Publishing its vision for agriculture in 2020, the Tenant Farmers Association said the CAP should retain its focus on assisting active farmers while providing a framework for food and environmental security.

Food security should also be taken as seriously as climate change, with government policy being drawn up to tackle the issue.

The document, published on Tuesday (10 August) sets out 14 things the TFA wants to see happen in the agricultural sector in England and Wales by 2020.

In addition to the future of the CAP, it covers agri-environment and rural development schemes, upland management and its vision for the tenanted sector.

It calls for policy makers to have a better understanding and appreciation of the operations of tenant farmers, as well more flexible tenancy agreements to help landlords build lasting relationships with their tenants.

Greg Bliss, TFA national chairman, said he was disappointed by the lack of understanding about the tenanted sector in agriculture among policy makers – both in the UK and Europe.

“Those who develop policies for agriculture unconsciously assume that all farmers are owner occupiers and are able to make their own decisions about how to respond to government schemes and initiatives,” he said.

“But for those of us farming as tenants, the decisions we make take place in a more complex environment involving tenant legislation, the tenancy agreement in place and the ongoing relationship with the owner of the land we farm.

“Our vision document will provide policy makers with a clear understanding of this complex environment and how they should address this as they develop policies and review those currently in place.”

With rapid development of land use, agricultural and environmental policies, tenant farmers had many more issues to consider, which their owner-occupied neighbours could ignore, Mr Bliss added.

“The tenanted sector has a key role to play in the development of the agricultural industry.

“It is, therefore, vital that the right policies are put in place to ensure that it can meet the challenges ahead.”


By 2020:

* All associated with the development and implementation of agricultural, land use and environmental policies should understand the unique framework within which tenant farmers operate and respond to policy.

* The importance of the tenanted sector in agriculture to the public interest is both appreciated and fully taken into consideration in policy development for agriculture.

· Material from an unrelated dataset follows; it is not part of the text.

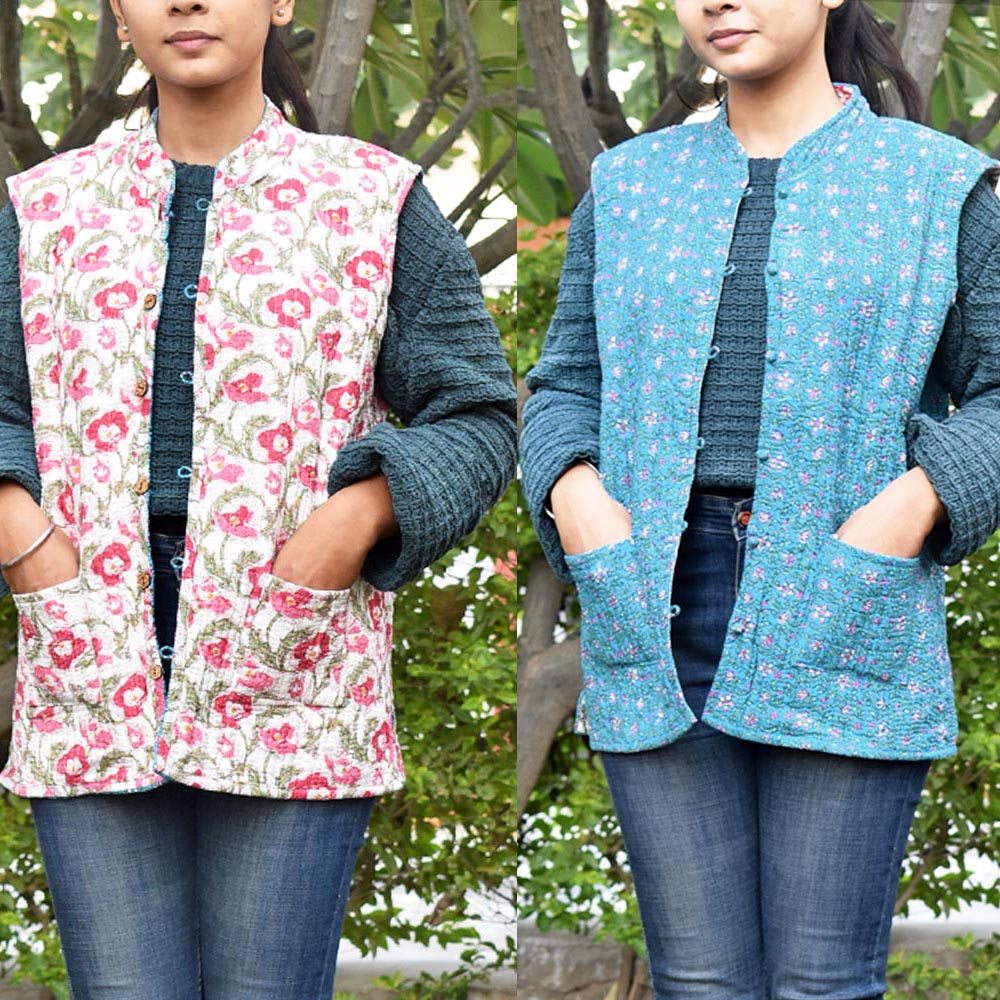 Block Print Quilted Reversible Sleeveless cotton jacket -Size 40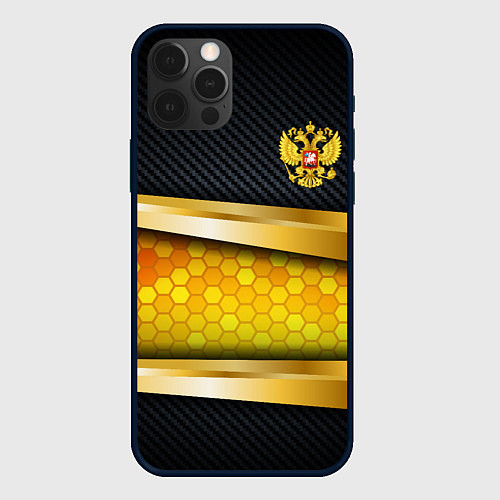Чехол iPhone 12 Pro Black & gold - герб России / 3D-Черный – фото 1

* Agricultural landlords should be looking to develop lasting relationships with their tenants through long-term, flexible tenancy agreements.

* Agricultural tenancies should be the preferred way to manage land owned by one party and farmed by another.

* Agri-environment and rural development schemes should be tailored to ensure that participation is only by those actively managing the land on a day-to-day basis.

* County Council smallholding estates should be valued by individual local authorities and the nation as a whole as vital to the sustainability of providing a viable entry point and ongoing development for those seeking a career in agriculture.

* Farm diversification should not be a barrier to succession of tenancy within traditional tenancies of holdings let under the Agricultural Holdings Act 1986.

* Food security considerations should be at least as important as those for climate change in the development of new policy.

* There should be a fair balance of power between producers, processors and retailers in the food chain to ensure no sector is dominated by others.

* There should no longer be any bar on public money being used for applied research and development within agriculture, food technology and land management.

* The Common Agricultural Policy should retain its focus on ensuring that it is supporting the livelihoods of working farmers while providing a framework for food and environmental security.

* There should be a new framework for ensuring the sustainable development of upland areas, with support focused on re-establishing ruminant livestock production as the cornerstone of land management for these fragile areas.

* Animal health policy should be conducted within a true partnership framework between government and industry without the government seeking to pass its legitimate cost obligations onto the industry which already has its own costs to bear.

* Adequate attention needs to be given to ensure the farming career ladder is operating effectively with opportunities for entry, development and retirement with dignity.